2006/11/24, Fabrice Colin <[EMAIL PROTECTED]>:

On 11/24/06, Mikkel Kamstrup Erlandsen <[EMAIL PROTECTED]> wrote:
> 2006/11/23, Fabrice Colin <[EMAIL PROTECTED]>:
> > What Magnus suggests may be useful for document 'sources' or 'groups'
(for
> > lack of a better name), eg "Documents", "Applications", "Contacts",
> > "Conversations" etc... -as offered by some existing personal search
> systems-
> > which may or may not map to individual indexes (that mapping being
> irrelevant).
>
> That was exactly what I meant to cover with the "group" switch. Fx. the
> query "fabrice group:contacts" would return you. Searching without a
> specified group would return matches from all groups. Perhaps the wiki
is a
> bit unclear here...
>
The Wiki is clear enough. It's just that it may be useful to provide
the consumer
application with a list of supported groups... unless we dictate which
groups should
be supported by all engines.



Well, my idea was to come up with a spec at some point in the mid-term
future (after the simple api is complete). On top of that the spec should of
course be extensible so that backends can have custom groups - which implies
the need for a method to do runtime introspection.
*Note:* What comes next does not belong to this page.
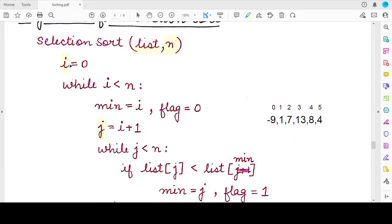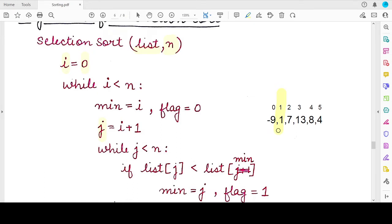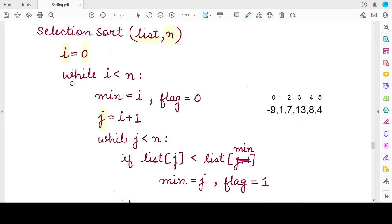We maintain two important variables: i and j. The variable i denotes how many sorted elements we have so far. Depending on the number of sorted elements, we start the next pass and choose the minimum element accordingly. For example, if we have zero sorted elements, the assumed minimum in the first pass is at index zero. If we have one sorted element, the minimum is assumed at index one.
I just don't think the
belongs in a simple search api.


> Well, AFAIK, dbus allows complex structures like arrays or dictionaries.
>
> Yeah, but that really only accounts as collections of simple data types
in
> my book. What I meant was just that you can't have Query object, like fx
> Lucene does, and pass that over the wire. Not in a desktop neutral way
at
> least - or please correct me if I'm wrong! :-)
>
Hmmm it depends on. As the dbus specification says, you can have "array of
array of array of ... struct of struct of struct of ...", which is
probably flexible enough
to pass all the data held by a Query object.



Yeah, we can hold the data of a query object, but you can't assign any
methods to it (unless you export it over dbus (which I don't think is a good
idea)). Methods to construct a query programmatically would have to reside
in a toolkit-dependent lib I think.


Right you are. I was a bit wasted last night when I  answered Magnus
(sorry)
> - I just thought her deserved an answer sooner rather than later.
>
No worries ;-)

> The question is then if this info should be stored in  the manager
daemon or
> the search engine. As I consider it more or less a design goal that the
> daemon (or lib or what ever we end up with), should be expendable, I
don't
> think such info should lie with the managing object. Also if this info
would
> reside with the managing object that would also mean each query should
go
> through the managing interface, and I don't think I'm totally hooked on
that
> idea.
>
> To avoid code duplication we could develop a small lib or other dbus
service
> to *optionally* handle these issues. I'm reluctant to impose any
dependency
> on the implementing engines.
>
We could have an optional prefix (a switch-type, according to the
draft) for language,
so that this information is carried by the query string.
A braindead example : if the engine supports "language", "the moose
language:english"
is interpreted as a query for "moose", while "the moose
language:swedish" is a query
for moose tea :-)



I think that is a good idea. Default to having the backend deal with all
this and have a switch to override the runtime stemming.